Wait. I love standards and I do believe the world is far better with them. Just sayin' that no standard is perfect and motivating something that looks like a bug with “that's standard behavior” is pretty lame.
The (SQL) problem
While investigating a database issue today I ran the following queries:
SELECT id, "user", event FROM payment_log WHERE id = 3210; id | user | event ------+-------+------- 3210 | 11545 | 51613 (1 row)
Okay, so it exists.
SELECT * FROM participant WHERE payment_log = 3210; (0 rows)
So it's not referenced in "participant".
SELECT id, "user", event FROM payment_log WHERE id NOT IN (SELECT payment_log FROM participant); (0 rows)
After fiddling with it perplexed for like 20 minutes, I realized that I had NULL values in "participant.payment_log" and I remembered I've hit the issue before (about an year ago maybe; for some reason it didn't stick to mind, but I hope this time it will). So I had to write the last query like this, in order to fix it:
SELECT id, "user", event FROM payment_log WHERE id NOT IN (SELECT payment_log FROM participant WHERE payment_log IS NOT NULL);
I didn't care to investigate this last year, but today I was a bit intrigued. Same issue, re-occurring, because I do something the intuitive way, but for some reason it doesn't work. It's true that I have NULL values in "participant.payment_log", but it's also damn obvious that the value 3210 is NOT IN there. Which part of NOT IN wasn't clear in the first query?
I was determined today to join the PostgreSQL mailing list and report the problem, but I thought I'd google it first. Sadly, I found an explanation. I understand now that it's “standard behavior”, that most (all?) databases behave similarly and that there's a sound, beautiful technical reason behind it—my only problem is that, as far as I am concerned, it's a blatant bug.
We couldn't live without them, but we must understand and accept that standards are generally flawed. That's the only way to move forward.
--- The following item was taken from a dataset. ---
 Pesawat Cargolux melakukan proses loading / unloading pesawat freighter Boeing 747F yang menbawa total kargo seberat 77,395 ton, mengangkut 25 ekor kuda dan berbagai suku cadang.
Current standards were driven by implementations—you know, people who spent years getting some stuff done, who maybe didn't have time to establish families or to shave their beards very often. Common Lisp was a tremendous effort to standardize among a few different Lisp implementations that existed prior the standard. There is no way you can standardize something before it exists.
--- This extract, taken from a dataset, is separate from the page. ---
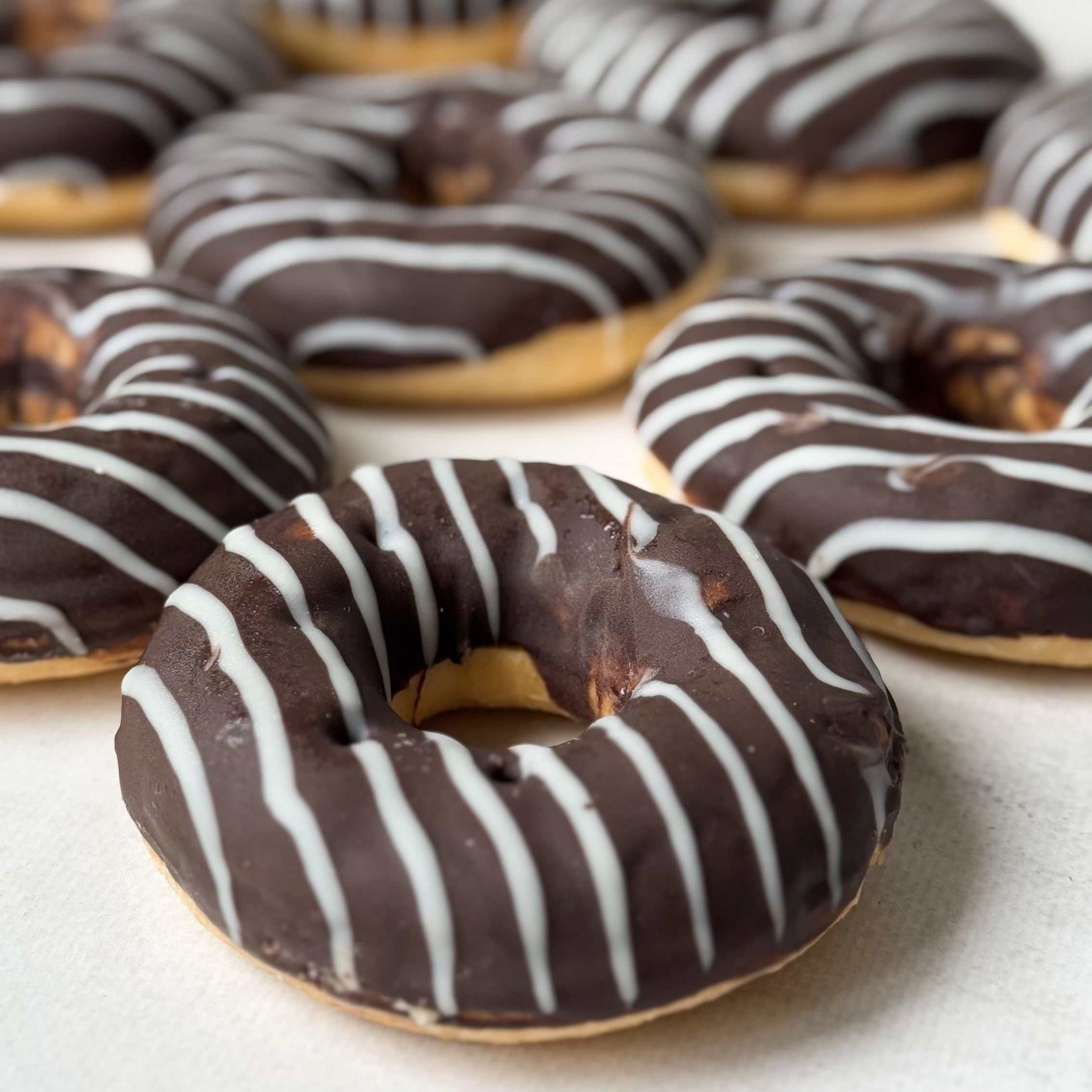 Пончик-донатс с шоколадной начинкой и шоколадной кондитерской глазурью изображение 7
For this reason, standards should be revised (a lot more often than every decade) and that's the reason why Common Lisp seems obsolete these days—it wasn't revised in about 20 years, and it's NOT perfect. However, it is so good that it's still relevant after 20 years of technical advances.
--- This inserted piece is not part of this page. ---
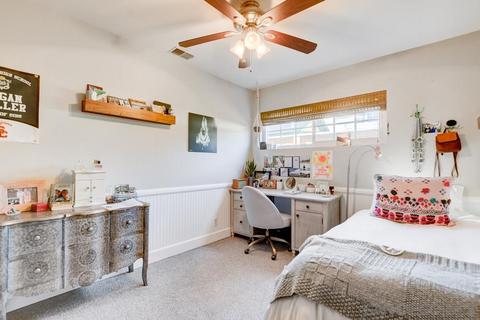 863 H Ave, Coronado, CA 92118 photo 16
This little SQL problem (which is “standard behavior”) could proliferate into millions of bugs in client applications. I don't care about the technical reasons behind it, it's just too unintuitive, seems plain wrong and should be addressed. And in order for the standards to change, with their elephantine committees and political slowness, implementations should lead the way.
Wait, one more example: if Douglas Crockford didn't invent JSON, we would all be using XML today (and SOAP! the horror...). When did JSON become a standard? After he wrote a spec, and implemented parsers in a few languages, and a lot of people started to use it.
It would be okay if the story finished here, but I think the sad conclusion is that we, developers, suck. Since, as I said, I believe that it's developers who push standards forward, then the reason why standards suck is that developers suck. Now of course, there's not much I could personally do to address this specific SQL issue; there are only a few solid relational databases, and PostgreSQL is one of them. If at least one would care to break the standard and fix this stupidity, it's likely that in the next 10 years someone will consider fixing the standard. But developers seem to believe that the standard is authoritative and should not be broken, forgetting the fact that it's them who should drive the standard. And that's pretty sad.